Latin American Cinema |
Motion pictures arrived in Latin America not long after the Lumière brothers debuted their invention in Paris in 1859. Lumière agents fanned out across the globe to sell projection equipment, cameras, and film stock wherever there was a market to support it; in Latin America, this meant chiefly the large, stable economies of Argentina, Brazil, and Mexico.
Early filmgoers in South America invariably saw European imports; Italy had become the dominant force in the fledgling film industry by 1912. During World War I, however, American companies used the disruption of the European film industry to gain a foothold in the market, and by 1926 an estimated 95 percent of screen time in South America went to American-made films. Local filmmakers could barely compete in this monopolized marketplace. Most were restricted to newsreels and documentaries.
The situation was particularly bad in Mexico, which was dominated from the start by the nearby U.S. film machine. Promising young stars like Lupe Velez and Dolores del Rio were lured to stardom in nearby Hollywood, while American directors exploited Mexican locales (and locals) for increasingly popular westerns.
During the Mexican Revolution, rebel army leader Pancho Villa signed with an American film company to film him in action—even going so far as to restage battles and skirmishes if cameramen had failed to get good shots during actual combat.
Appalled by being shown to world audiences as uncultured savages, early Mexican film directors like Manuel de la Bandera and Mimi Derba dedicated themselves to producing films that showed the "goodness and greatness" of their culture. Without the backing of the state, there was little they could do to counteract the endless output of American studios.

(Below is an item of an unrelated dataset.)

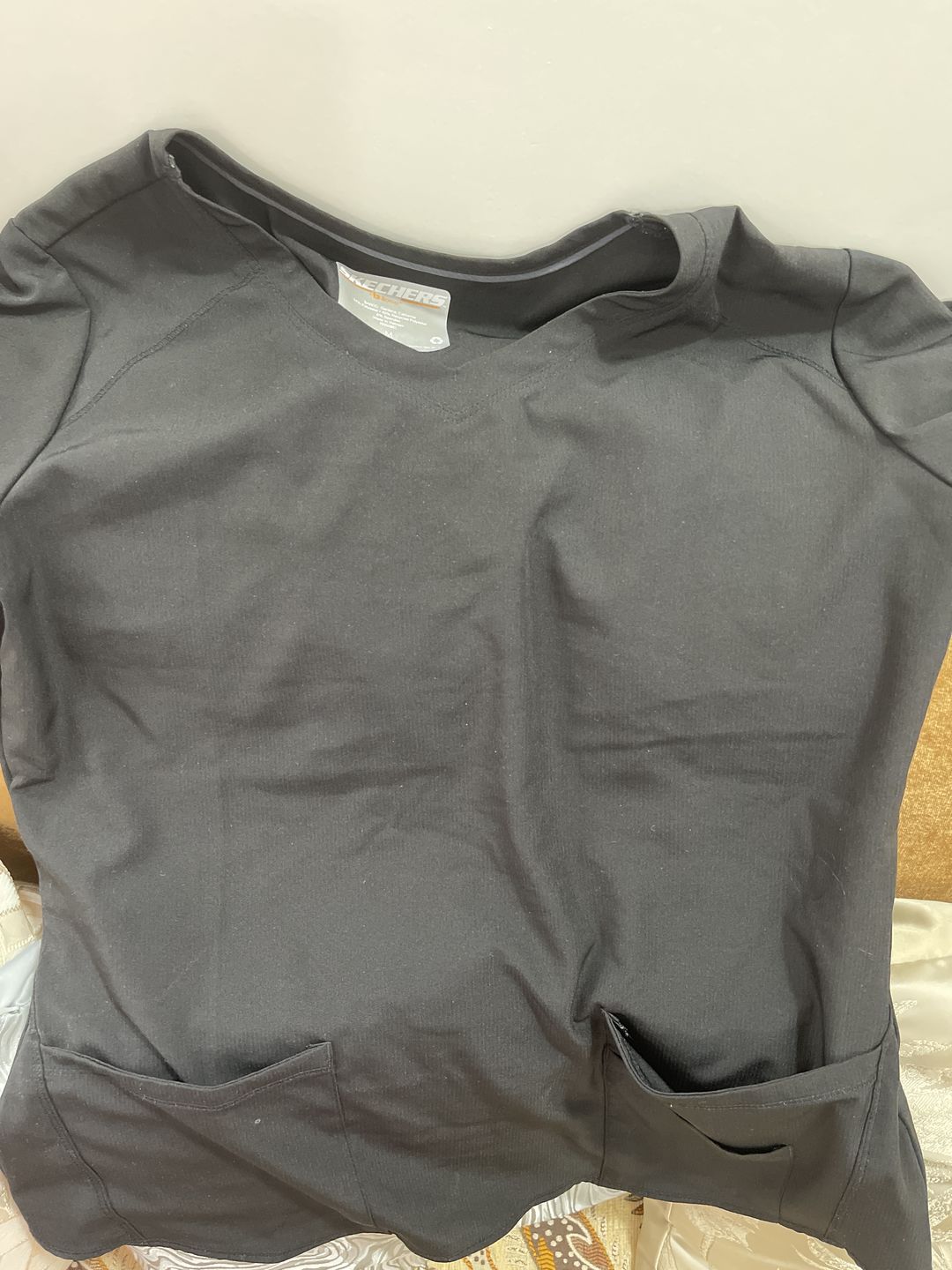 Customer photo review of بلوزة بريز سكيتشرز ~ Breeze Top Skechers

Things were only slightly better in Brazil and Argentina. Local feature films were eschewed by theater owners in favor of more profitable and American imports. However, film historian John King notes that several films produced during the period showed glimmers of what was to come. In Brazil, a 22-yearold director named Mario Peixoto created Limite (The boundry, 1931), chronicling the struggle for survival on a small boat after a wreck at sea.
In Argentina, King identifies three films that presage the socially conscious films of the 1960s and 1970s: El ultimo malon (The last Indian attack, 1917), a fictionalized retelling of a turn-of-the-century uprising; Juan sin ropa (Juan without clothes, 1919) by the French Georges Benoît about a massacre during a contemporary strike; and Frederico Valle's El apostol (The apostle, 1917), a political satire of the presidency of Hipolito Yrigoyen and the first full-length animated feature in film history.
Sound films arrived in Latin America in the late 1920s, but the technology was expensive and its distribution uneven. Many countries would not have "talkies" for years. Even in the few countries that had a well-developed film industry, it was a struggle to compete against the hegemony of the U.S. industry.
But the period also saw the rise of Latin American musicals, including the tanguera in Argentina, the chanchada in Brazil, and the ranchera in Mexico, that blended indigenous songs and dance traditions of those countries with the formulas popularized by North American studios.
Thanks to wartime changes in the U.S. film industry and a decline in the powerful Argentine film industry, the 1940s became known as the "Golden Age" of Mexican cinema. The key film of the era was Maria Candelaria (1943), which brought together famed director Emilio "El Indio" Fernández, cinematographer Gabriel Figueroa, and actress Delores del Rio. With the end of World War II, Mexican film slipped back into decline, where it would remain for more than a decade.